[quote author=Nightmist link=topic=983.msg5089#msg5089 date=1183540520]
1. Brute Force every single possible mix of actions for the first 3 rounds (1-3).
1(a). In the event of expected death before 3 rounds then stop that particular branch to save computing time.
1(b). Remove any entries that extend for over 3 rounds.
1(c). If all combat strats extends for over 3 rounds then throw a abort error?
[/quote]
Glad to see someone taking a closer look.

That's pretty close. It has a couple of special initial actions (steal, Entangling Noodles) which it treats as special, so it really kind of checks 1+3 actions deep.
Just like a KoLmafia custom combat script, the simulator (and, later, the strategy executor) will loop on the last action until the battle ends with victory or defeat. So it doesn't actually need it to cause death within 3 rounds -- it just needs to settle down so that the last action can be repeated to beat the monster. For example, if you have high moxie but a low-damage attack, the script could find "Disco Face-Stab, attack" as a strategy even if it takes 15 rounds of attacks to whittle away the monster's HP.
Pruning the search tree is very important to keep it running fast. While it's searching it keeps track of the lowest-cost winning strategy that it's found. As it's simulating it may cut a simulation short (and prune that whole branch of the search tree) if it's clear that everything in the branch will be more expensive than that lowest cost. That's when the "getting too expensive" debug message is shown. For example, if it knows "Entangling Noodles, Stream of Sauce, Stream of Sauce" at 9MP is a working strategy, then it will not bother to explore "Weapon of the Pastalord" plus anything because it can see that the MP cost of WotP immediately makes that whole branch more expensive.

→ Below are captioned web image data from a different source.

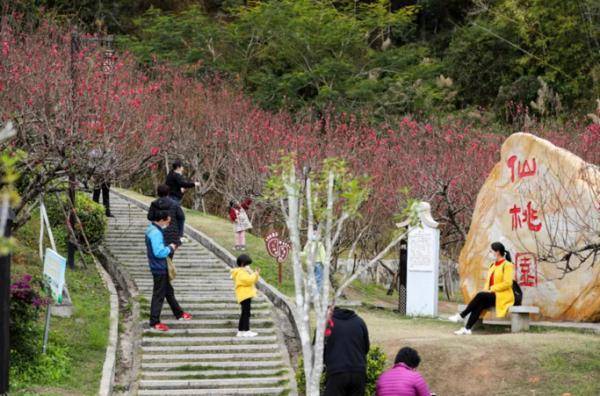 广州|美美美！3月广州花海太惊艳！最新赏花攻略快收藏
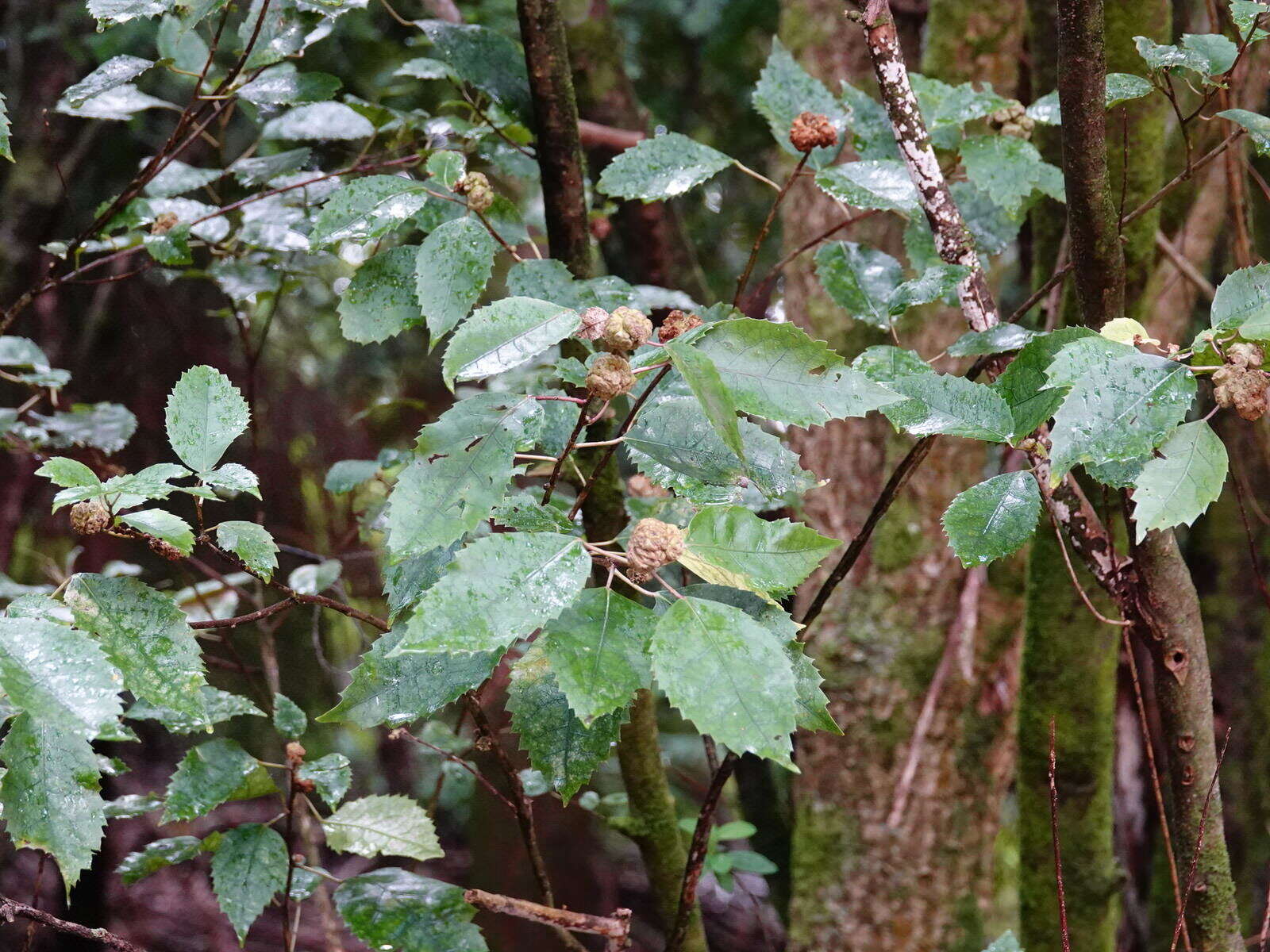 Image of <i>Eriophyes hoheriae</i>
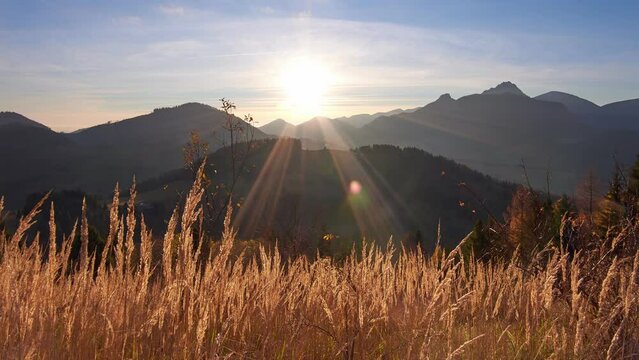 Dry grass in golden light, the rays of the sun illuminate the grass. Mountain Carpathian landscape 4K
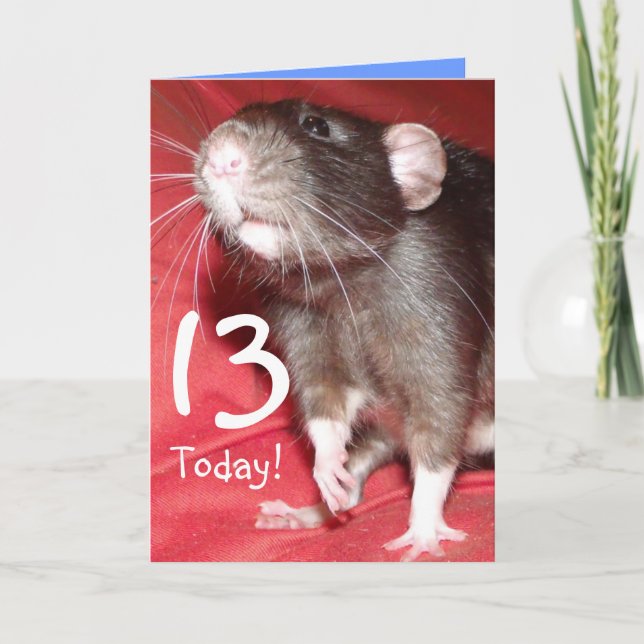 customisable year number Dumbo rat Birthday card (Front)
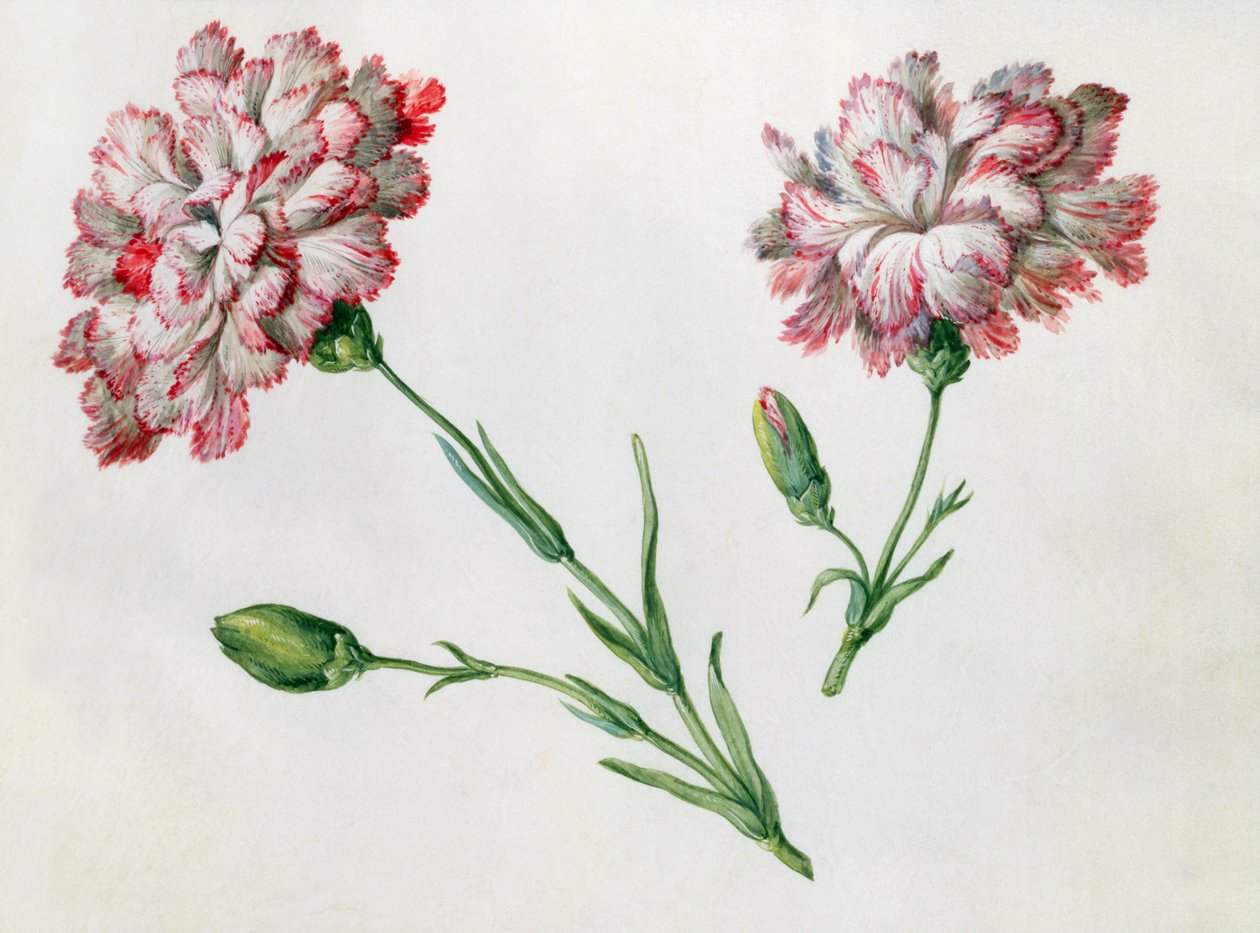 Anjers door Claude Aubriet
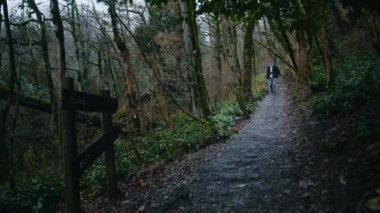 Ormanda gezgin, ormanda gezgin.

The pruning is enhanced by sorting the actions by MP cost, and iterating over them from lowest-cost to highest-cost. If it considered the actions in random order with a simple foreach, it would still get the same answer, but it'd start out finding a poor strategy at first and then refine it to better strategies later. So it would prune less and ultimately search a lot more of the tree, which means it'd be a lot slower.
[quote author=Nightmist link=topic=983.msg5089#msg5089 date=1183540520]

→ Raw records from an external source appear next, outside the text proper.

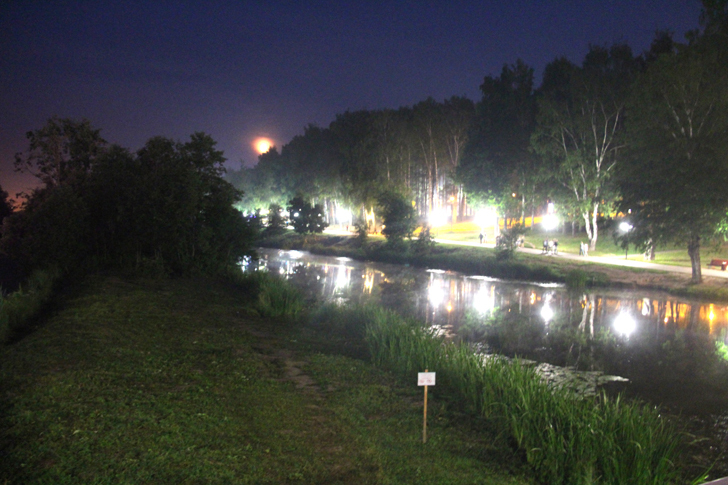 Клин, Сестрорецкий парк, фото из архива В.Кузьмина (июль, 2022)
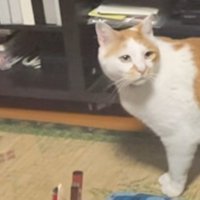 再び振り向く猫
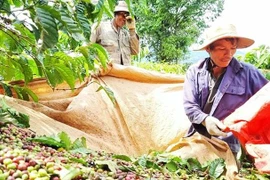 Chuyện “mùa đỏ” ở Buôn Mê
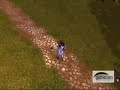 Die Horde rennt weg!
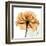 Copper Rose-Albert Koetsier-Framed Art Print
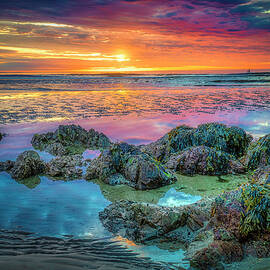 Colors of the Heart by Penny Polakoff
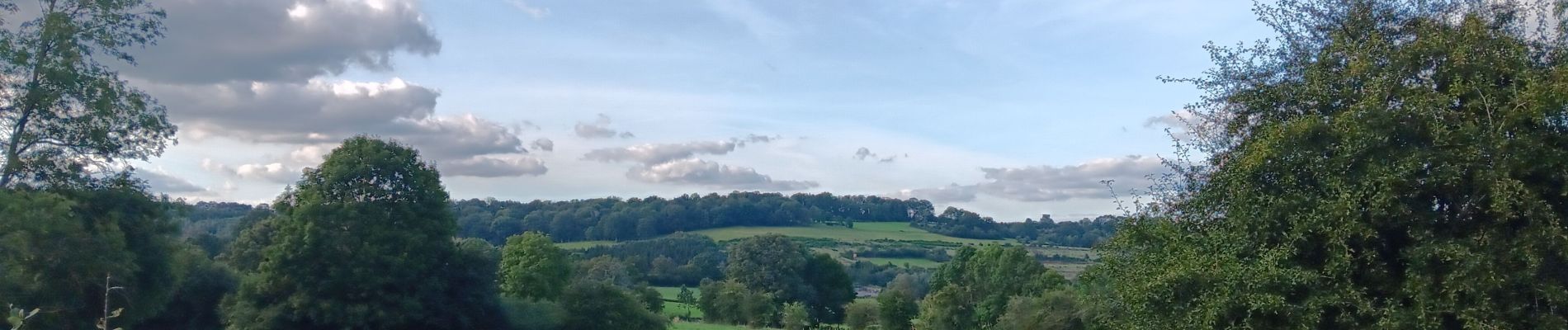 Randonnée Marche Theux - campagne sud de la reid  - Photo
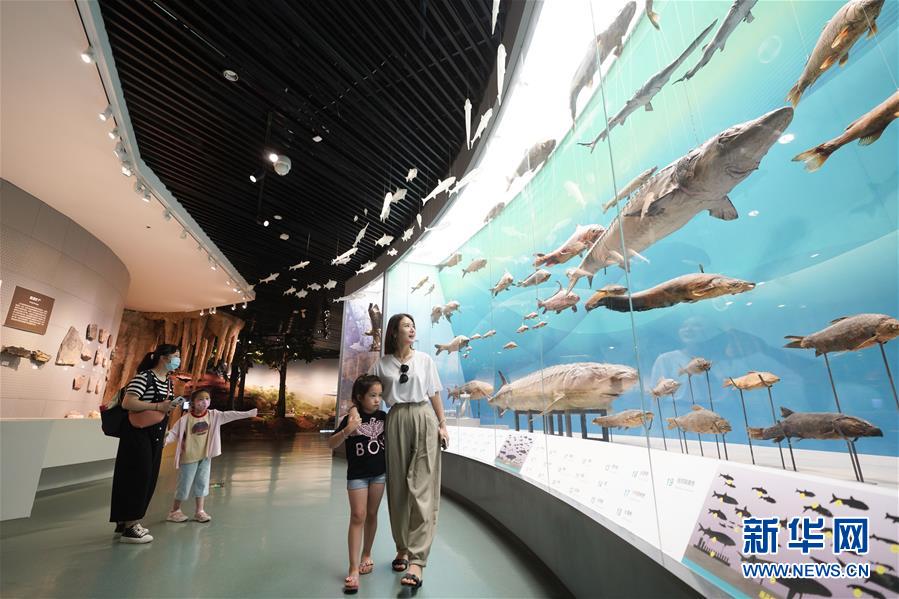 Galeria: Museu Natural de Chongqing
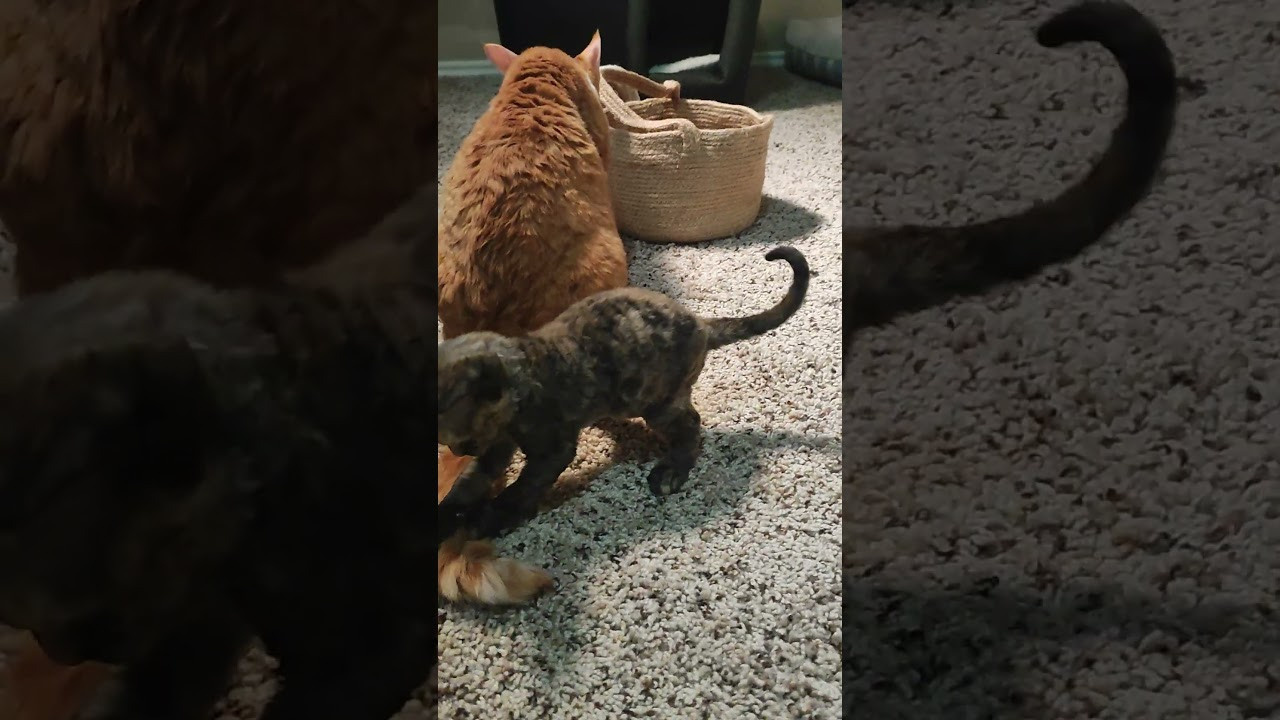 Basma, Girl, born on 29.07.23, SOLD. Devon Rex Pixie Cattery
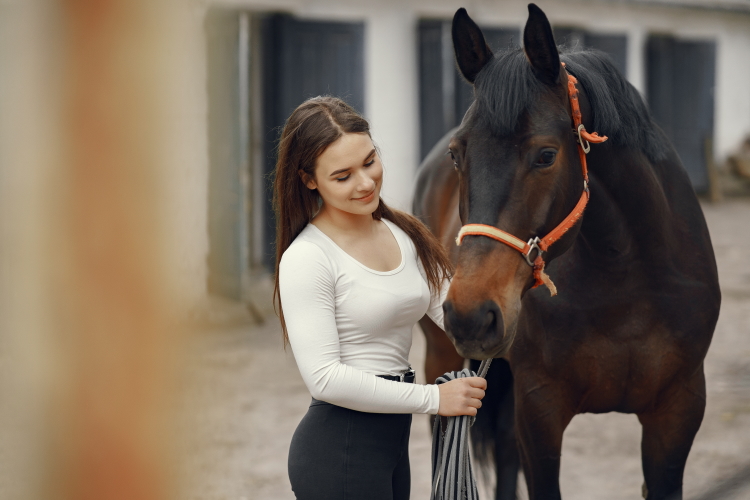 Mujer con camiseta blanca acaricia caballo negro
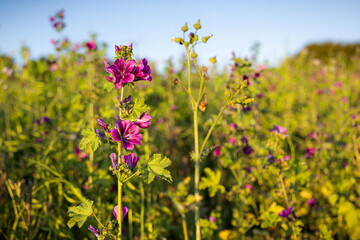Lila Blume im Sommer auf dem Feld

2. Find the Meat cost for the remaining mix of actions (actions that cause death of monster within 3 turns).
2(a). Meat cost is based off expected HP/MP losses.
3. Find the lowest Meat cost of using these actions.
3(a i). In the event of tied costs then the shortest path is taken.
3(a ii). In the event they are tied and of the same cost then the first found "winning" strat is kept and the new one is dropped.
4. Use the first action of the winning strat in a single round of combat.
5. Take the response from the action taken then update the strat accordingly (if set to update the strat mid-battle).
5(a). If not set to update mid-battle then run the next action.
5(b). The updated search for the strat works for the next 3 rounds (2-4) and work under the same assumptions as 1 and is effectively a loop of 1-5.
[/quote]
Yup. So at every round it's looking 3 actions deep ... however, since it will loop the last action it can actually go more than 3 rounds deep in the simulation. I've tried having it search 4 actions deep but it didn't really help in most situations. It might make some sense for Disco Bandit combos, but otherwise looping on the last action is usually sufficient.
For the second and later rounds, it already knows its old strategy is probably pretty good. So it compares every candidate against that strategy's cost, which again usually leads to a lot of pruning and a fast search.
The code isn't super-clean everywhere -- there's a lot of it, and there are some vestiges of different approaches that I tried and abandoned scattered in there. It's kind of overdue for a total rewrite at some point once the NS13 dust has settled.